Task brief: Restate the entries below in full, exactly as they read, but without pictures.

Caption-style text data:
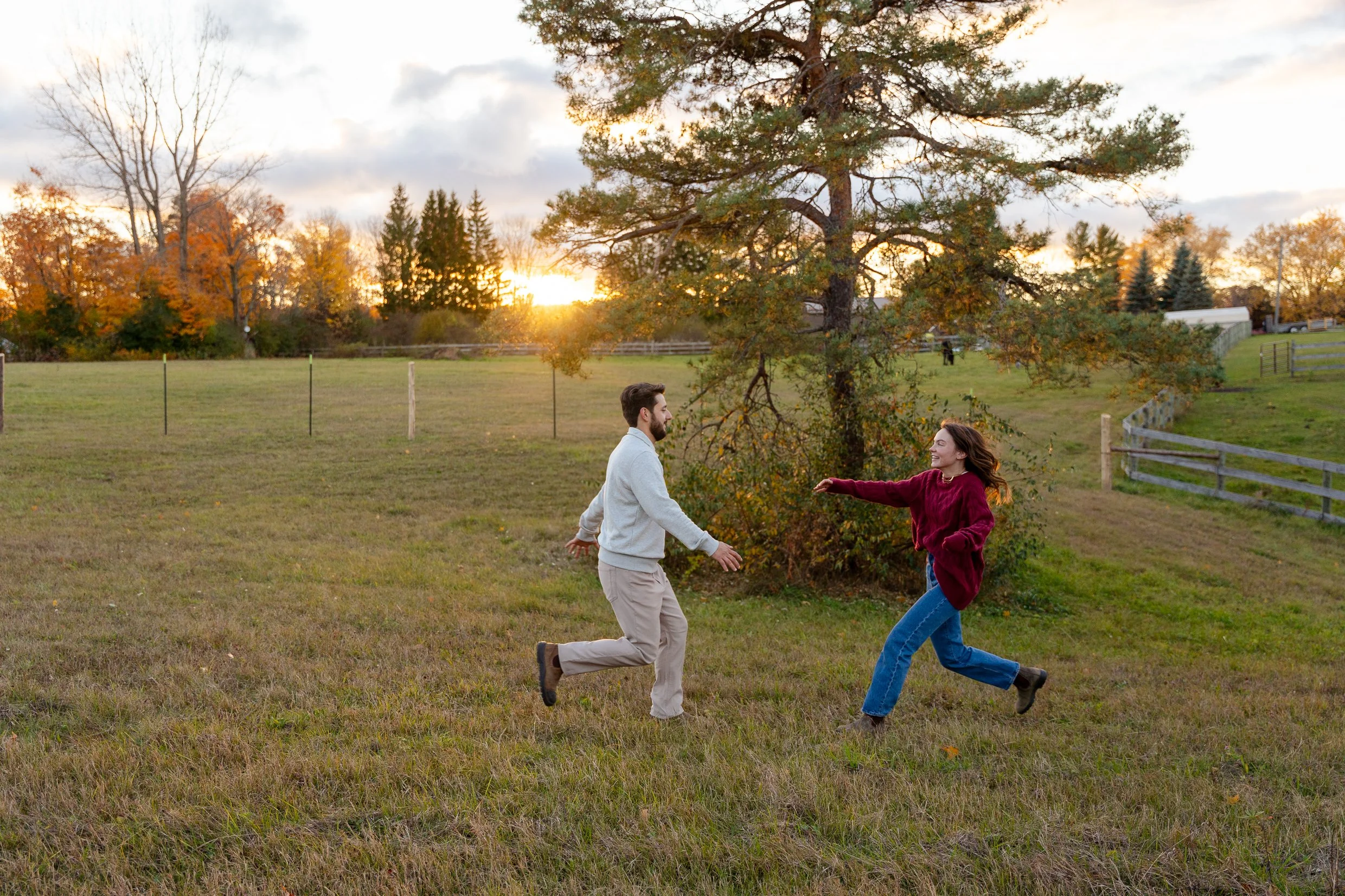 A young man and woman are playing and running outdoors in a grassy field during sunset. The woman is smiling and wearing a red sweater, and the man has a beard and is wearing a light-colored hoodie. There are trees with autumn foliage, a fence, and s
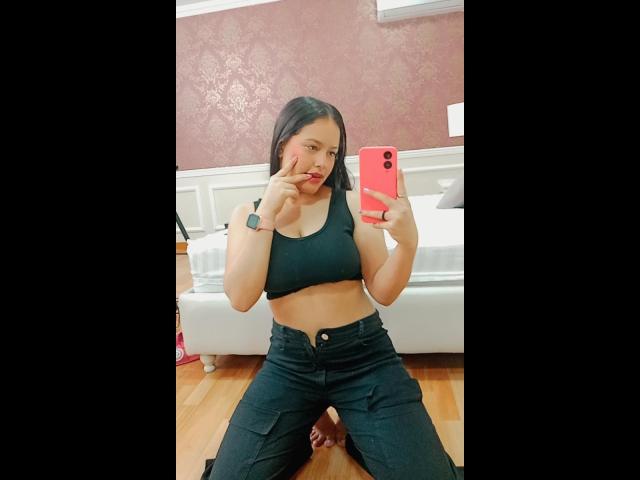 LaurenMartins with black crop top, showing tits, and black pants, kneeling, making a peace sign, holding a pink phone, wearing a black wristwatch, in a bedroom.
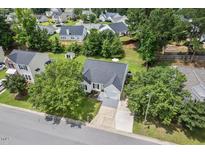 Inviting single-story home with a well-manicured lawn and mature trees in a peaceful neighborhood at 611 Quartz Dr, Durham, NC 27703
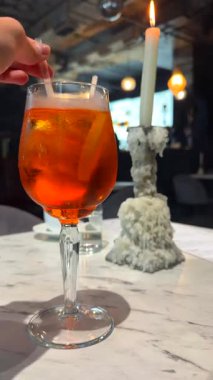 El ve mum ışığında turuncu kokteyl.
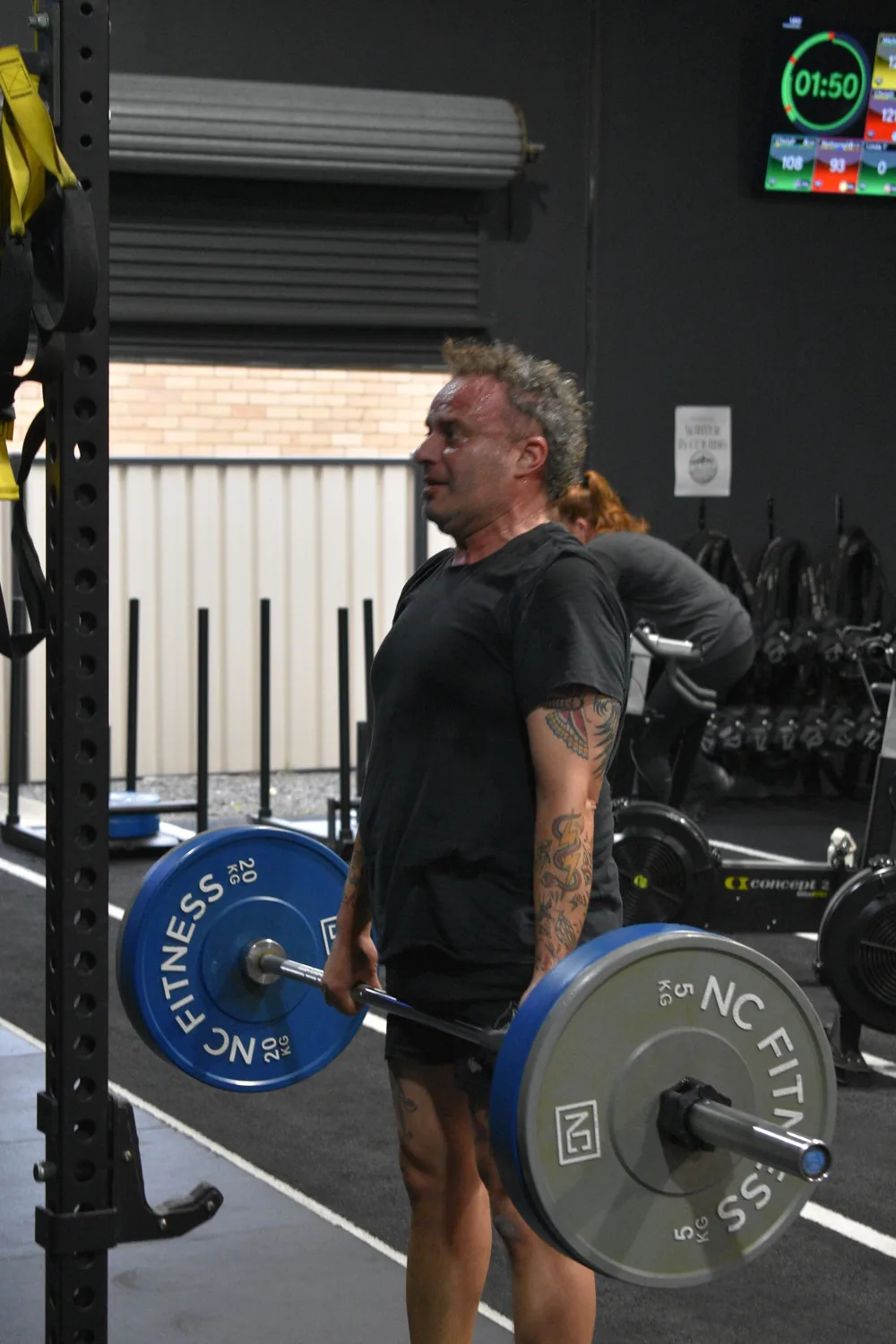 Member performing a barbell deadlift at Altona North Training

Completed task:
 A young man and woman are playing and running outdoors in a grassy field during sunset. The woman is smiling and wearing a red sweater, and the man has a beard and is wearing a light-colored hoodie. There are trees with autumn foliage, a fence, and s
 LaurenMartins with black crop top, showing tits, and black pants, kneeling, making a peace sign, holding a pink phone, wearing a black wristwatch, in a bedroom.
 Inviting single-story home with a well-manicured lawn and mature trees in a peaceful neighborhood at 611 Quartz Dr, Durham, NC 27703
 El ve mum ışığında turuncu kokteyl.
 Member performing a barbell deadlift at Altona North Training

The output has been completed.